Shanker cited Independent Market Monitor studies showing that about half of such resources hold CIRs but have not been offering in auctions. Because the variable resource requirement (VRR) curve is derived from the FPR and IRM, this leads to overstatement of the reliability of the capacity procured through the BRA. He said the calculation of the capacity emergency transfer objective (CETO), capacity emergency transfer limit and locational deliverability areas’ reliability requirements cause the same issue. The issue also raises market power issues regarding holding CIRs but not using them, he contended.
Shanker also said that many market components, including the FPR, IRM and CETO, incorporate an infinite transmission assumption, which can also lead to overstated reliability by not taking location and intermittency into account, causing additional hidden transmission costs.
Shanker also called for eliminating the capacity benefit margin (CBM) and capacity benefit of ties (CBOT) when determining PJM’s reliability requirement in order to ensure the RTO can meet its own needs at a capacity price that matches the cost of resources required to reliably meet grid requirements. He noted that this should logically change the price of emergency assistance and that associated export revenues would flow to native load rather than into any potential penalty and bonus structures added to the current CP design.
Conceptual Capacity Market Exchange Presented
Dick Brooks of Reliable Energy Analytics presented how PJM could use an always-on capacity exchange (AOCE) with further development of the concept.
A former software architect of ISO-NE’s forward capacity market clearing engine, Brooks said the project was developed as a strawman design for the clean energy transition and was being brought before the CIFP to demonstrate that other paradigms are being created.

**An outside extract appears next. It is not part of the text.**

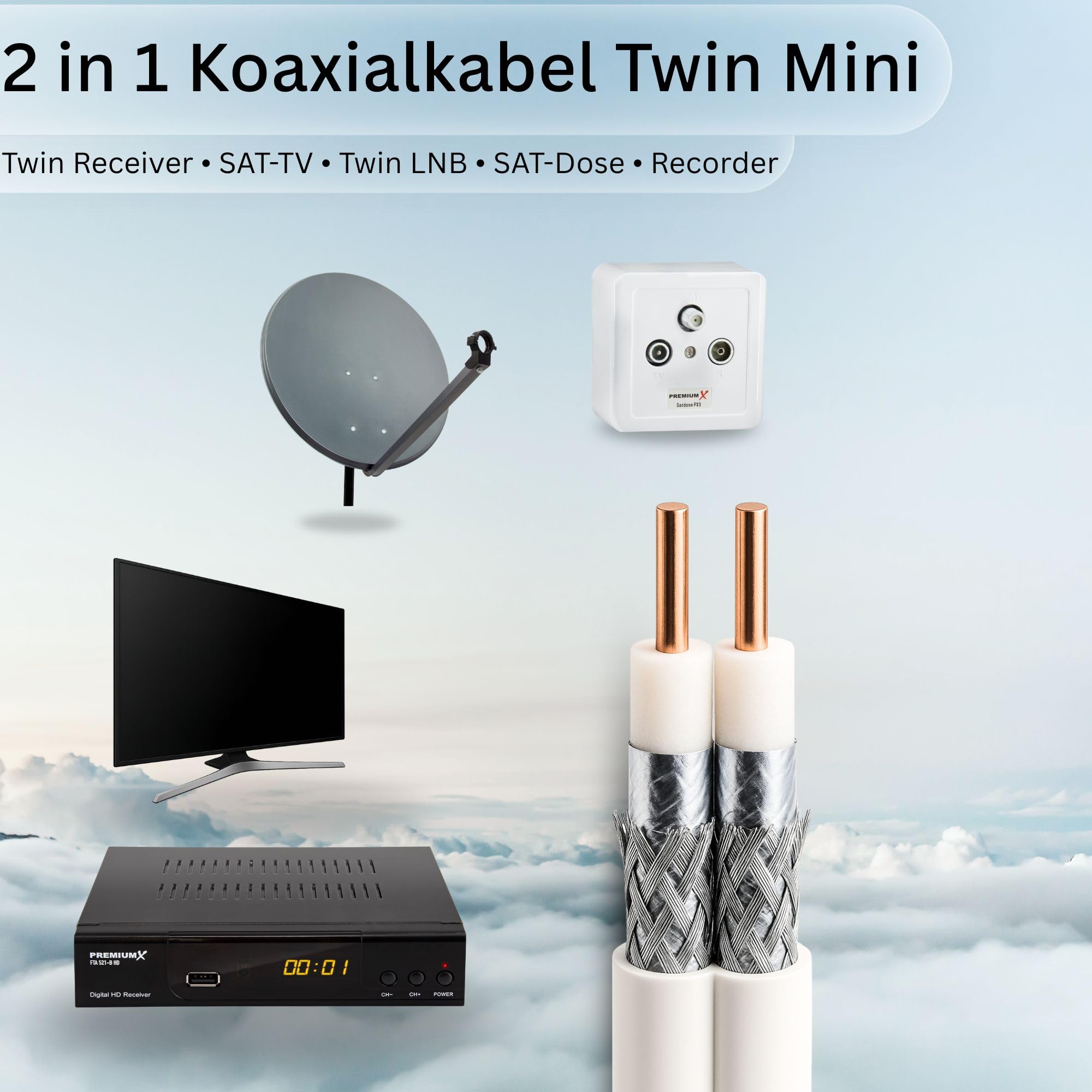 PremiumX Kabel koncentryczny satelitarny 90 dB Twin Mini 2 x 4 mm, bardzo cienki, biały, 2-krotny ekranowany, do telewizji satelitarnej, DVB-T - Ultra HD 4K 3D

The market would use a shorter auction advance timeline with capacity prices determined using an exchange and clearing price similar to day-ahead energy markets. Capacity resources would be approved by the RTO and enter offers into the market to be bid on by customers.
The RTO would continue to determine the total amount of capacity needed for a location and time, which the RTO would issue its own reliability bids to meet needs in the short or long term. Bids exceeding the total amount of capacity needed wouldn’t be cleared to receive capacity payments.